Allen v. Western Alliance Insurance Co.

349 S.W.2d 590, 162 Tex. 572, 4 Tex. Sup. Ct. J. 605, 1961 Tex. LEXIS 595
CourtTexas Supreme Court
DecidedJuly 19, 1961
DocketA-8368
StatusPublished
Cited by58 cases

This text of 349 S.W.2d 590 (Allen v. Western Alliance Insurance Co.) is published on Counsel Stack Legal Research, covering Texas Supreme Court primary law. Counsel Stack provides free access to over 12 million legal documents including statutes, case law, regulations, and constitutions.

Bluebook
Allen v. Western Alliance Insurance Co., 349 S.W.2d 590, 162 Tex. 572, 4 Tex. Sup. Ct. J. 605, 1961 Tex. LEXIS 595 (Tex. 1961).

Opinion

MR. JUSTICE GREENHILL

delivered the opinion of the Court.

This is a suit by the Reverend E. 0. Allen for reimbursement of medical expenses alleged to be due under a policy of insurance. The question is whether Allen gave notice to the insurance company “as soon as practicable” after the accident as required by the policy. The trial court entered a summary judgment denying Allen a recovery. That judgment was affirmed by the Eastland Court of Civil Appeals. 343 S.W. 2d 765. It held that under the circumstances, failure to give notice for 107 days did not, as a matter of law, constitute the giving of notice “as soon as practicable.” The opinion of the Eastland Court is based on this Court’s opinion in Klein v. Century Lloyds, 154 Tex. 160, 275 S.W. 2d 95 (1955). The Klein case involved an asserted liability under automobile coverage of public liability. We granted a writ of error upon the assertion by Allen that there is, or should be, a different basis for the requirement of notice under public liability coverage and the requirement of notice for reimbursement for medical expenses. Under the provisions of the policy and the circumstances in question, however, we are of the opinion that the trial court correctly granted the respondent’s motion for summary judgment. The judgments of the courts below will, therefore, be affirmed.

The facts were developed by depositions introduced on the hearing. The deposition of petitioner Allen revealed the following:

*574 Allen purchased a policy of public liability, property damage, and medical reimbursement from Western Alliance Insurance Company through its agent in San Antonio, W. A. Rogers. The limits of the public liability were $5,000 and $10,000, the property damage $5,000. The medical reimbursement limits were $1,000 for each person injured. A separate premium was shown for each coverage, all in the same policy.

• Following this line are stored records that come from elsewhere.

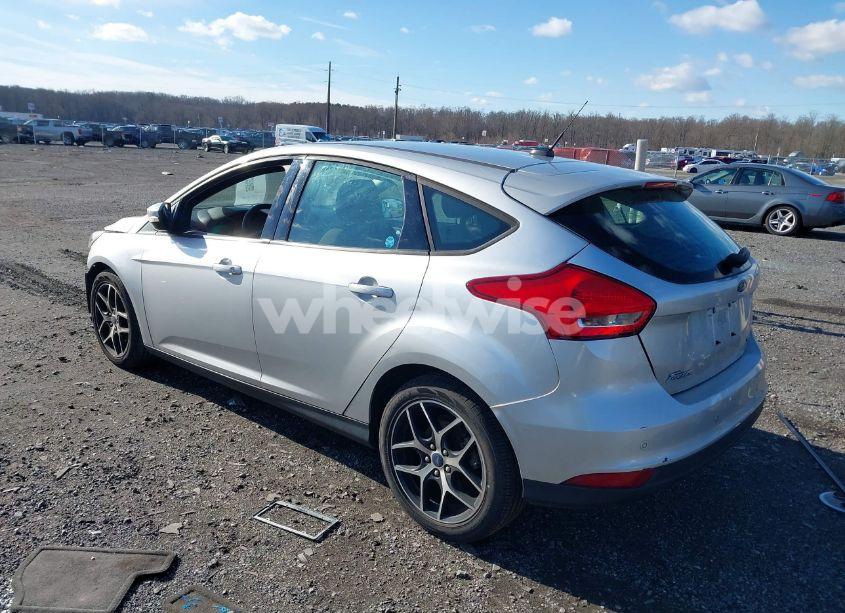 Photo 3 of 2017 Ford Focus SEL (VIN 1FADP3M24HL309576)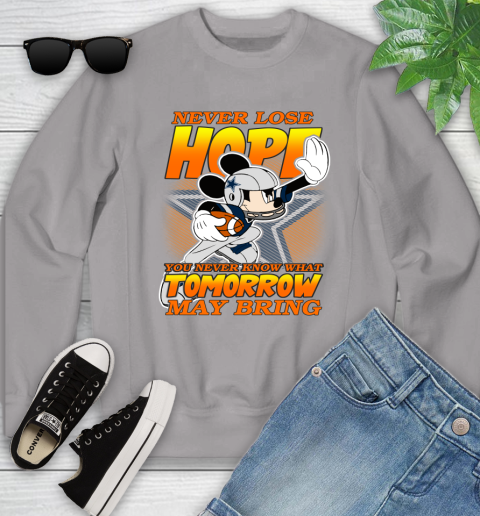 Dallas Cowboys NFL Football Mickey Disney Never Lose Hope Youth Sweatshirt 3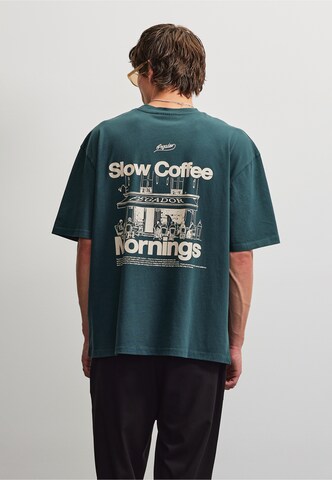 T-Shirt 'Massa' Pegador en vert : devant
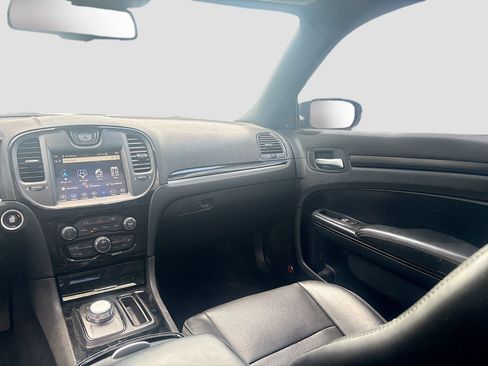 Used 2023 Chrysler 300 S w/ Comfort Group RWD image 25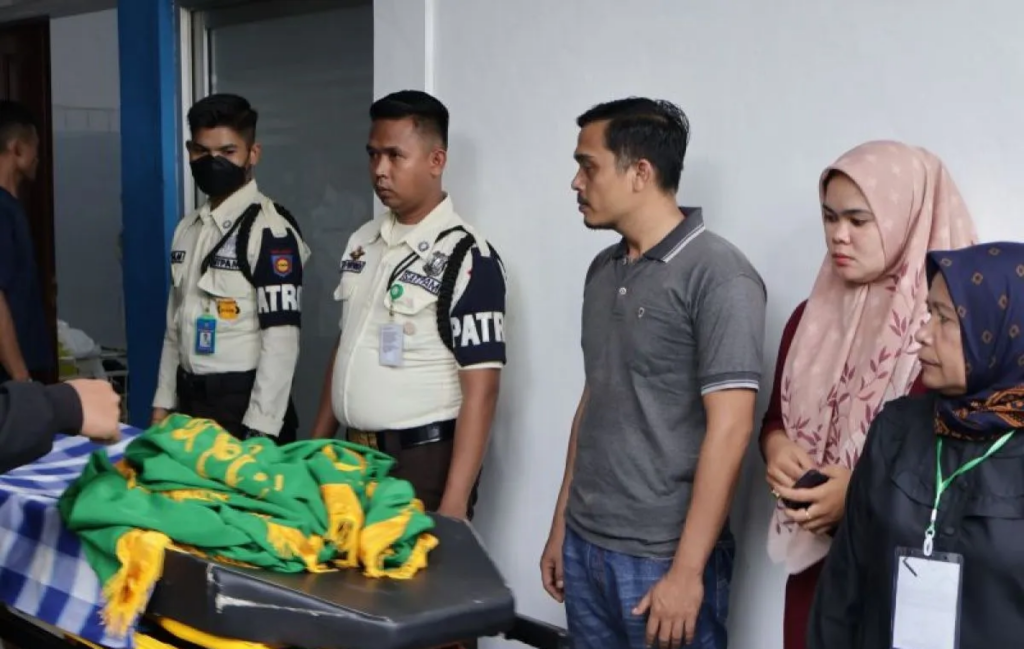 Ibu Afif Maulana (dua dari kanan), Anggun Angriani (32) bersama ayah Afif Maulana (tiga dari kanan), Afrinaldi (36) melihat jenazah anaknya saat akan dimasukkan ke dalam ambulans untuk kembali dimakamkan di TPU Tanah Sirah usai proses ekshumasi di Kota Padang, Sumatera Barat (Sumbar), Kamis (8/8/2024) siang. (Foto: Dok. ANTARA/Muhammad Zulfikar)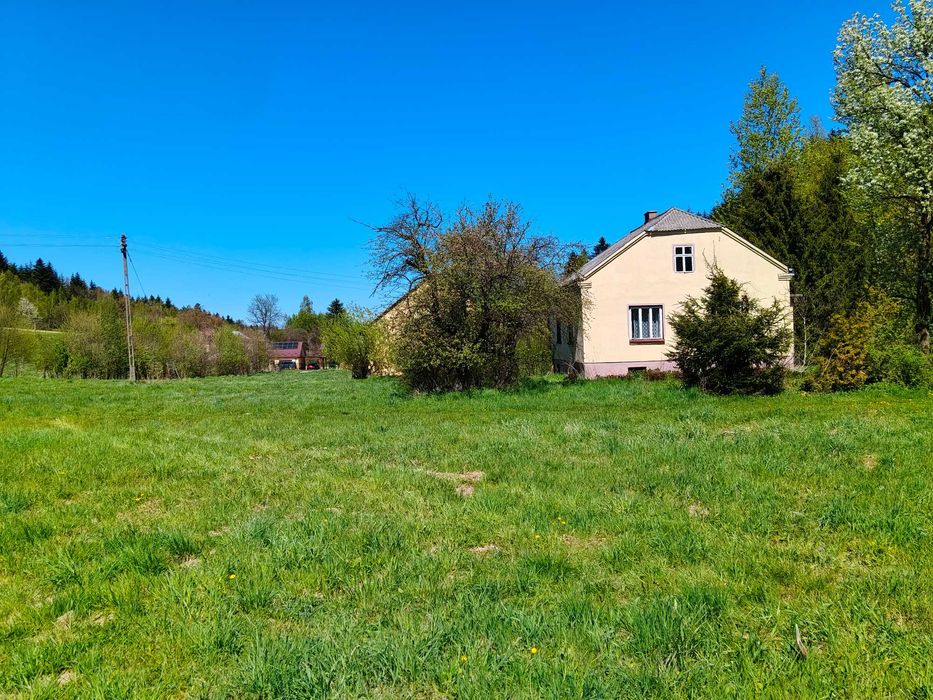 Dom z działką na sprzedaź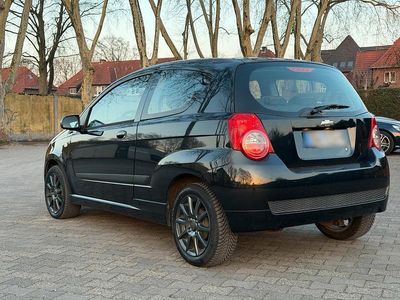 Begagnad Chevrolet Aveo 84 HK (61 kW) 2010 Svart Halvkombi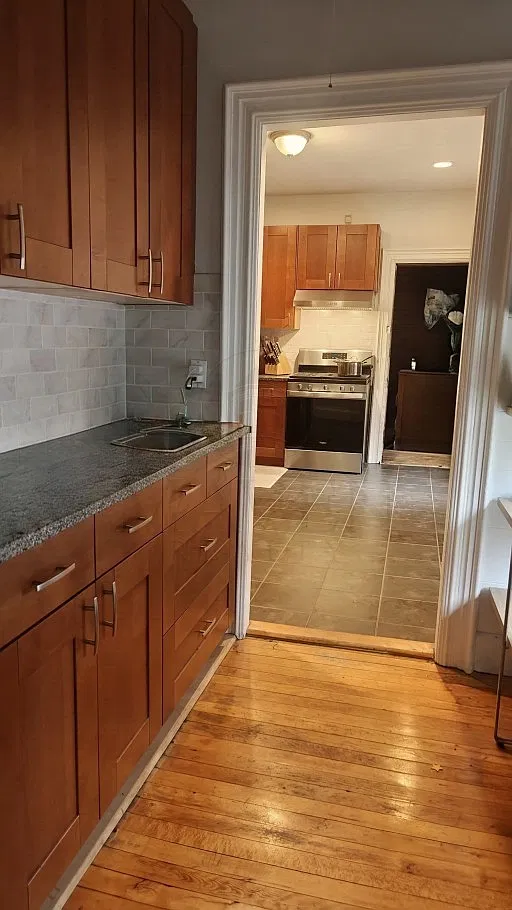 2 bed, 950 sqft, $2,800 — Photo 2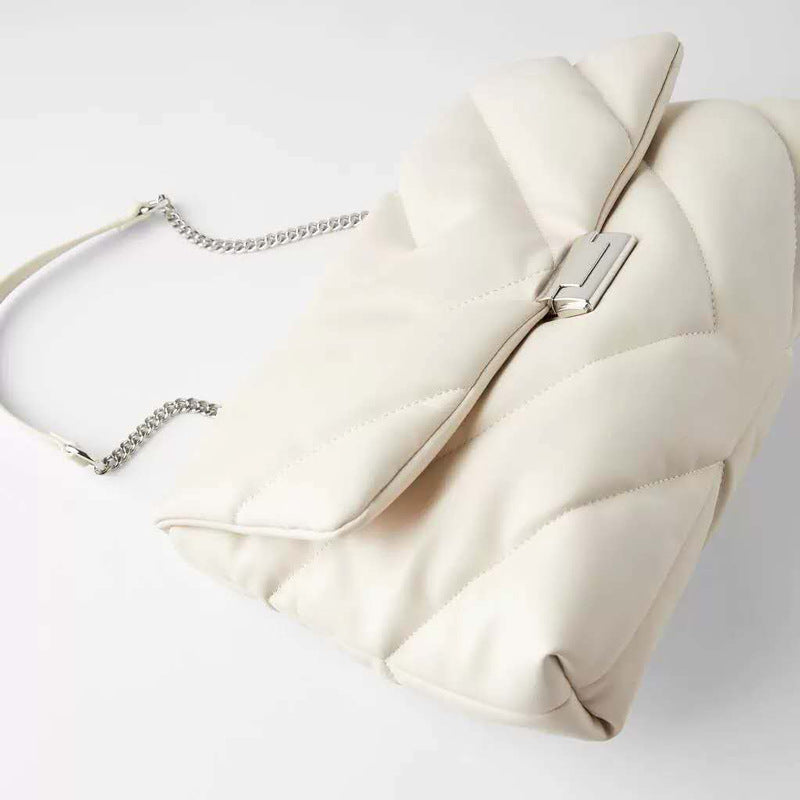 Bag White Quilted Oversized Shoulder photo 3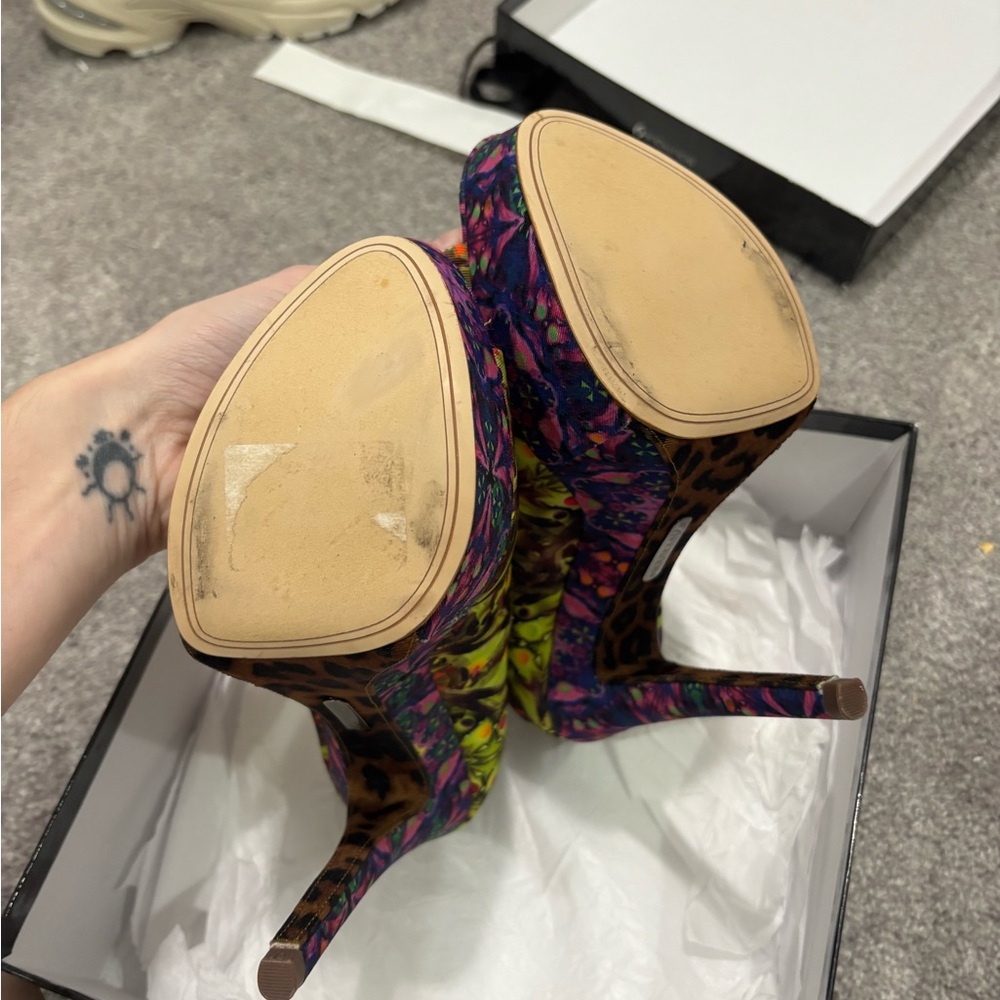 BOUTIQUE 9 CLAUDIUS HEELS MULTI - Picture 2 of 3
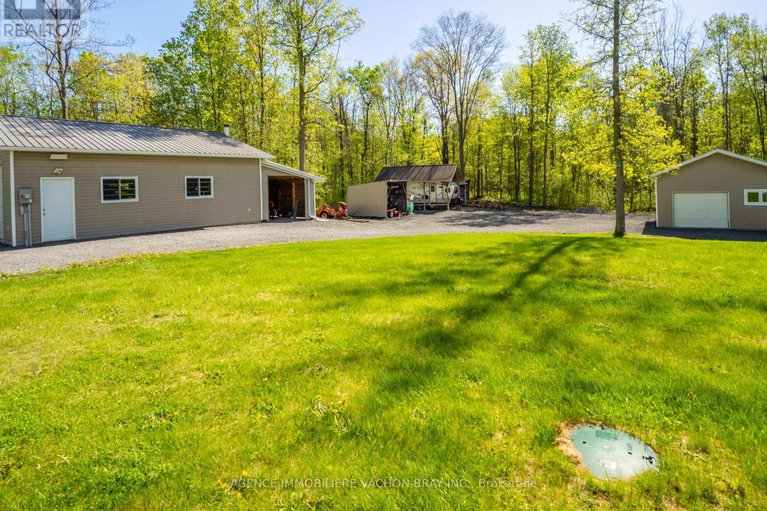 28793859/18668-concession-2-road/north-glengarry-kenyon-twp/north-glengarry/ontario/K0C1B0_5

The policy had one paragraph under “Conditions” calling for the giving of notice. It applied to all coverages: public liability, property damage, and medical reimbursement.

It reads:

“Notice. In the event of an accident, occurrence or loss, written notice containing particulars sufficient to identify the insured and also reasonably obtainable information with respect to the time, place and circumstances thereof, and the names and addresses of the insured and of available witnesses, shall be given by or for the insured to the company or any of its authorized agents as soon as practicable” (Emphasis ours.)

The policy also provided that “no action shall lie against the company unless, as a condition precedent hereto, the insured [Allen] shall have complied with all the terms of this policy * * * »

Allen also had purchased an automobile policy of fire, theft and collision from a different company (National Lloyds) through the Pat J. Morris Insurance Agency of San Antonio.

About 15 minutes before the policy with Western Alliance expired, i.e., at 11:45 p.m. on December 1, 1958, Allen and his wife were in a two-car collision. He and his wife were severely injured and hospitalized. Within three days, however, members of Allen’s family employed counsel to represent Allen and his wife in claims arising out of the collision. Allen ratified the employment. Three days after the collision, i.e., on December 4, 1958, the company carrying the collision insurance (the Pat Morris Agency) was notified of the collision.

Allen remained in the hospital 11 days. After his original unconsciousness and shock, there was nothing wrong with his hands, feet, ears or voice. There was a telephone in the hospital *575 which he used. Upon leaving the hospital, he stayed at his daughter’s house about a week. There was a telephone by his bed there. Thereafter he was at home and could walk. He had a telephone there. About a month after the accident, Allen had a conversation with Pat Morris about the collision coverage.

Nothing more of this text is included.